Le capitalisme repose sur une instabilité et des crises qui débouchent vers l’appauvrissement de la population. Mais le capitalisme alimente également les guerres. Le secteur de l’industrie militaire demeure majeur. Ensuite, l’accaparement de terres ou de ressources naturelles, comme le gaz ou le pétrole, sont à l’origine de nombreux conflits internationaux.
La société reste traversée par des dominations et des oppressions spécifiques. Même si leurs causes ne sont pas économiques, le capitalisme s’appuie sur ces rapports de domination. Les femmes et les immigrés doivent accepter des conditions de travail plus dégradées et des rémunérations plus faibles. « L’État organise l’oppression car elle permet de justifier l’exploitation des salariés », observe Hendrik Davi.
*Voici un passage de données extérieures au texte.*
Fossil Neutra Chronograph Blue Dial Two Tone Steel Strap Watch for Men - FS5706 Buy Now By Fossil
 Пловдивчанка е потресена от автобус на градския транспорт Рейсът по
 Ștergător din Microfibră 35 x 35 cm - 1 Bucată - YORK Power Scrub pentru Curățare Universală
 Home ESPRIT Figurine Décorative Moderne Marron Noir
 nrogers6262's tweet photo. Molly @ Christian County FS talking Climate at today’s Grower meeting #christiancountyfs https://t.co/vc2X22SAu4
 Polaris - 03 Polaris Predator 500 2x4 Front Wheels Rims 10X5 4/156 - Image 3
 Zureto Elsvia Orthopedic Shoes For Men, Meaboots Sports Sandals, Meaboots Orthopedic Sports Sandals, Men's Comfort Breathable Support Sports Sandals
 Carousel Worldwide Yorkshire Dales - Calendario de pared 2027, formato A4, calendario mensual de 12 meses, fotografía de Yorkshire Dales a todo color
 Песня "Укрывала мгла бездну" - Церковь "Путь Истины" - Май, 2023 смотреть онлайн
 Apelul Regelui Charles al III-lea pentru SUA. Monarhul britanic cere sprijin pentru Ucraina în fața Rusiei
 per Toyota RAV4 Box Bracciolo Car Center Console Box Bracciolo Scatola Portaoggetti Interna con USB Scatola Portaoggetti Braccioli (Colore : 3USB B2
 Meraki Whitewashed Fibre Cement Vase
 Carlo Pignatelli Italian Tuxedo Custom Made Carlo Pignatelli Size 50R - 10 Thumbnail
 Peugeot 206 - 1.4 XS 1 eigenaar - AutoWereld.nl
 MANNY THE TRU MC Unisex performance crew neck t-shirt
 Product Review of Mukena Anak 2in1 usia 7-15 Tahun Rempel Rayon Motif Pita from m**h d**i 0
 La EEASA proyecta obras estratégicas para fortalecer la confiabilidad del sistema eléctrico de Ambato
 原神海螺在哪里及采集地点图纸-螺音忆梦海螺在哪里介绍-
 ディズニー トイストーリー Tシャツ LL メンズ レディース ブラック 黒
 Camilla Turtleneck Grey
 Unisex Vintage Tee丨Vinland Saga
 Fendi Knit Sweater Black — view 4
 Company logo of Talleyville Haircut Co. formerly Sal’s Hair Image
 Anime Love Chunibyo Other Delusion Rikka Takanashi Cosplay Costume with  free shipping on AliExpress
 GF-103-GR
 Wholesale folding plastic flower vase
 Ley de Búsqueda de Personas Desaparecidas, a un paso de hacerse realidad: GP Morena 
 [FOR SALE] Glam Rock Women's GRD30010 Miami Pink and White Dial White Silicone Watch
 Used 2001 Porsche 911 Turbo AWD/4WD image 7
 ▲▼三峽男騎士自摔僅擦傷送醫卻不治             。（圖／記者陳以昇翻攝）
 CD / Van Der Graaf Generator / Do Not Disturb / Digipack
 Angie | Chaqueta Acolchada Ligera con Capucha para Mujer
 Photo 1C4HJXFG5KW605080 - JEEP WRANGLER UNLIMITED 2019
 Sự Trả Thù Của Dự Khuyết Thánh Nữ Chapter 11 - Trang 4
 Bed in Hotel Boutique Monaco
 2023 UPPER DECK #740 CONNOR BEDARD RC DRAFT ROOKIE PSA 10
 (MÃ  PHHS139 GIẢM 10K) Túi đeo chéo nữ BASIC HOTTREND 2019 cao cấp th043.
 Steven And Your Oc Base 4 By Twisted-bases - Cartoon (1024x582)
Par exemple, le refus de régulariser des travailleurs sans papiers limite leurs droits sociaux et leur combativité face au patronat. L’État, mais aussi l’école et la famille f
Face à la civilisation marchande, il devient indispensable d’élaborer des stratégies révolutionnaires. Le sociologue Erik Olin Wright souligne l’importance de s’appuyer sur un plan et une boussole pour sortir de l’impuissance collective. « Cette reformulation permet à la fois de tenir compte de la pluralité des chemins possibles et d’éviter la navigation à vue qui devient la règle au sein de la gauche de notre époque », estime Hendrik Davi. La tactique immédiate doit donc s’inscrire dans un objectif final et un horizon écosocialiste. La vie politique peut faire dériver les tactiques vers la défense d’une position dans un syndicat, un parti ou une institution étatique sans la perspective d’une transformation globale de la société. Ce qui débouche vers le réformisme et la bureaucratisation des organisations censées mener la lutte.
Les partis politiques
Les partis politiques sont discrédités. Au contraire, Hendrik Davi ne considère pas la forme parti comme obsolète. Ce sont également des organisations issues du mouvement ouvrier, et qui ne sont pas nécessairement intégrées aux institutions. Le parti permet une discussion collective autour d’orientations communes. Son existence dans la durée permet également d’accumuler des expériences concrètes. Les partis peuvent également permettre de relier la théorie et la pratique. Néanmoins, les partis subissent également une forme de bureaucratisation. Ils s’institutionnalisent et s’éloignent de l’horizon révolutionnaire.
Désormais, de la France insoumise au milieu autonome, c’est la forme mouvement qui est valorisée. Cependant, l’absence de prise de décision collective débouche vers des structures informelles de pouvoir. Ces mouvements « gazeux » favorisent la domination des militants les plus éduqués et les plus politisés. Dans un contexte de lutte et de politisation intense, des assemblées peuvent balayer les hiérarchies. Néanmoins, dans le cours normal de la vie dans le capitalisme, le mouvement informel reste traversé par des formes de dominations.
Mais la guerre des chefs et les luttes de pouvoir s’observent également dans les partis politiques. Roberto Michels souligne qu’une organisation se bureaucratise d’autant plus qu’elle s’agrandit. La spécialisation et les prises de décisions complexes débouchent vers une tendance à l’oligarchie. Le néolibéralisme pousse également la quête de reconnaissance des individus. Ensuite, un militant révolutionnaire qui devient député ou maire contribue au bon fonctionnement de ces institutions. Il intériorise leur logique et leur fonctionnement.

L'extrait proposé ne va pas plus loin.